Artur Beterbiev, left, lands a left hand on Germany’s Adam Deines during their March 2021 title fight in Moscow. Photography: Anadolu Agency/Getty Images

Kadyrov is also known for rewarding fighters who successfully represent his regime with lavish gifts. Beterbiev, himself a member of Kadyrov’s fight club, received a Mercedes Benz and awarded the title of “honorary citizen of Grozny” – one of the highest honors in Chechnya – in December 2021.

“Arthur Beterbiev also received the title of honorary citizen of Grozny,” Kadyrov wrote on his social media at the time. “He received this honor for his great achievements and his great contribution to the development of the sport.”

Beterbiev, 37, was born in Chechnya and represented Russia at the Beijing and London Olympics. He then moved to Montreal, Canada to pursue a career as a professional boxer and fought almost exclusively in his adopted country, as well as in the United States. He has since become a Canadian citizen.

Yet despite his status in Canada, Beterbiev continued to have ties to the Chechen dictator. Each time he returned to Chechnya, he was greeted with a hero’s welcome as well as state parades in his honor. He posed with Kadyrov for numerous photo ops and broke bread with the tyrant’s family.

In January 2022, Beterbiev posted a montage of his various appearances alongside Kadyrov and included a quote from the dictator wishing him a happy birthday. “Thank you for always being there,” Kadyrov said in the post.

It should be noted that Beterbiev appears to have limited his posts in support of Kadyrov following Russia’s February 2022 invasion of Ukraine.
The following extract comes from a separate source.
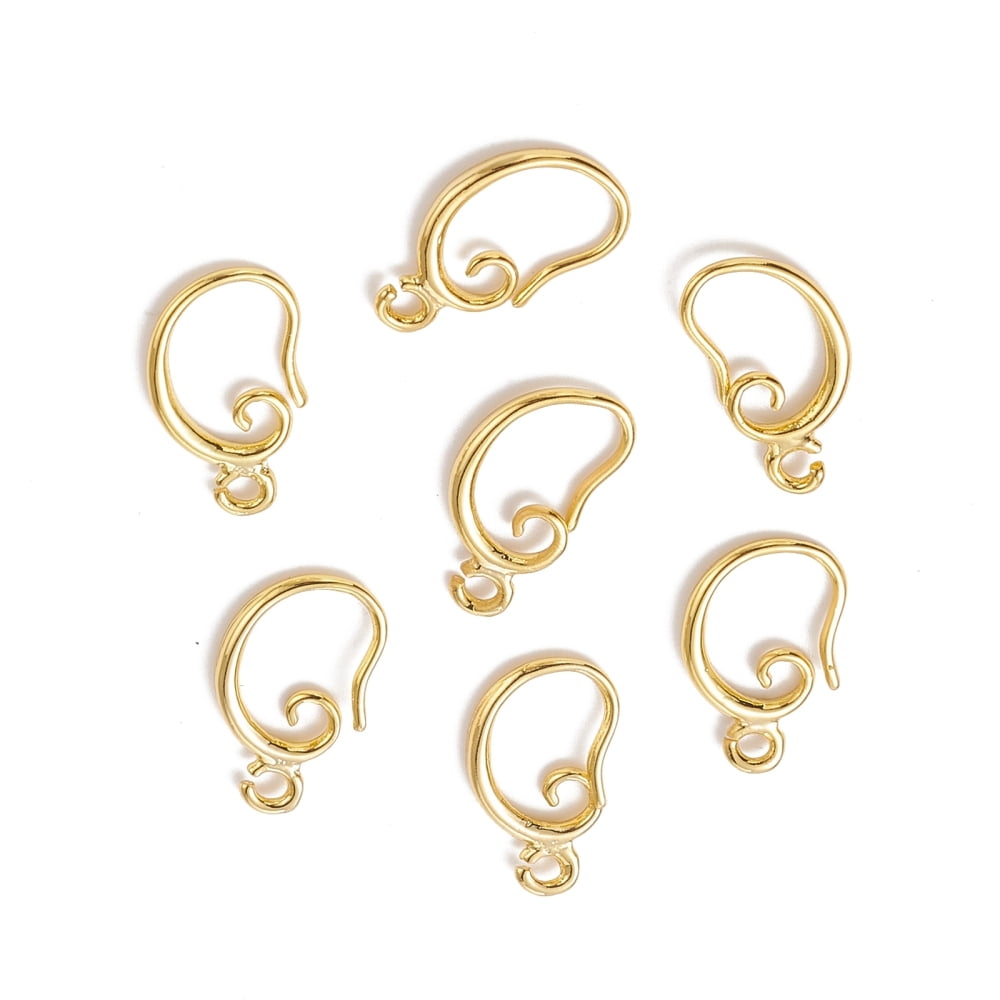 50 Pair Brass Earring Hooks with Horizontal Loop Long-Lasting Plated Real 18K Gold Plated 15x10x2mm Hole: 1mm 18 Gauge Pin: 1mm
Kadyrov has been one of Putin’s most committed supporters in the ongoing war and provided troops from his own private militia for the cause. According to sources close to Kadyrov’s fight club who spoke to the Guardian on condition of anonymity, several of the Chechen soldiers currently fighting in Ukraine were drafted from the fight club itself.

1Adat, an anonymous Telegram channel run by Chechen human rights activists, suggested that Beterbiev, who competes under the Russian flag, was hiding behind his Canadian citizenship in order to avoid sanctions faced by Russian athletes.

“Ukrainian boxers Lomachenko and Usyk stood up to defend their homeland against invaders while Beterbiev and [UFC fighter Khamzat]Chimaev, who called Kadyrov a brother and convinced people to support Akhmat’s path, remains silent, sitting in America and Europe,” read one of the Telegram messages. “Beterbiev suddenly became Canadian and Chimaev Swedish. And no one, even out of decency, has renounced his past beliefs, but acts only with the maximum personal benefit for himself.

World Boxing Council president Mauricio Suleiman, who banned Russian athletes from competing in the WBC after the Russo-Ukrainian war, defended the decision to allow Beterbiev to defend his title, saying the boxer “has been in Canada for 15 years old, lives in Canada”. , his children were born in Canada, he has a Canadian passport, a Canadian residence permit and a Canadian boxing license.

Bob Arum, whose Top Rank Promotions represents Beterbiev, also argued that Beterbiev’s status as a Canadian citizen shields him from possible sanctions, falsely stating that his client had “nothing to do with Russia. “.

While Beterbiev may have avoided the wave of sanctions facing Russian athletes, it’s worth noting that Kadyrov and his fight club Akhmat are currently sanctioned by the United States Treasury Department. The sanctions prevented U.S. citizens and those present or doing business in the United States from doing business with Kadyrov.

According to the Treasury’s Office of Foreign Assets Control, the measures against Kadyrov and his companies are intended to prohibit “any contribution or provision of funds, goods or services by, to or for the benefit of any blocked person or the receipt of any contribution or the provision of funds, goods, or services by any of these persons.” Beterbiev’s continued association with the dictator could be a violation of ongoing sanctions, especially since the boxer competed on the floor American several times, and will do it again on Saturday night.

While Beterbiev may arguably be the best light heavyweight boxer alive today, his unsavory connection to Kadyrov is an undeniable stain on his reputation and should raise concerns about the dictator’s growing influence in soft science.